(Short web captions)
- - - -
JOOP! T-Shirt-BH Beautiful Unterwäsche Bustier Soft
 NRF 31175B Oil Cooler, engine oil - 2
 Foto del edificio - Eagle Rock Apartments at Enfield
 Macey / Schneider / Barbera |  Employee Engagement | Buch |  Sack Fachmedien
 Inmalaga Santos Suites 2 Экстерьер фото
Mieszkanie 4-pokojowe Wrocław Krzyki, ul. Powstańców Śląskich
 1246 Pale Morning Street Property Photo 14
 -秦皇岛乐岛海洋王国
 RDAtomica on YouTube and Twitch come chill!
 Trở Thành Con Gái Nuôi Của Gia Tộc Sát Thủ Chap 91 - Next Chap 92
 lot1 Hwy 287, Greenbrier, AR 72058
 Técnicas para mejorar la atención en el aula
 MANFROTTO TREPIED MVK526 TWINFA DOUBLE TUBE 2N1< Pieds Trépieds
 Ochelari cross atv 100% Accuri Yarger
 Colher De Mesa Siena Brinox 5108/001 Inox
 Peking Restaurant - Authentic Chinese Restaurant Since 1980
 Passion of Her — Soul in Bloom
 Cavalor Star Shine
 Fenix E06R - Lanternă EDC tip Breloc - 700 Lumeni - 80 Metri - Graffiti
- - - -
* _REQUIRED WORK_
Retype, exactly as written, each line from the one that has "Colher De Mesa Siena Brinox 5108/001 Inox" to the bottom of the entries above, and include both of those lines.

* _TASK OUTPUT_
 Colher De Mesa Siena Brinox 5108/001 Inox
 Peking Restaurant - Authentic Chinese Restaurant Since 1980
 Passion of Her — Soul in Bloom
 Cavalor Star Shine
 Fenix E06R - Lanternă EDC tip Breloc - 700 Lumeni - 80 Metri - Graffiti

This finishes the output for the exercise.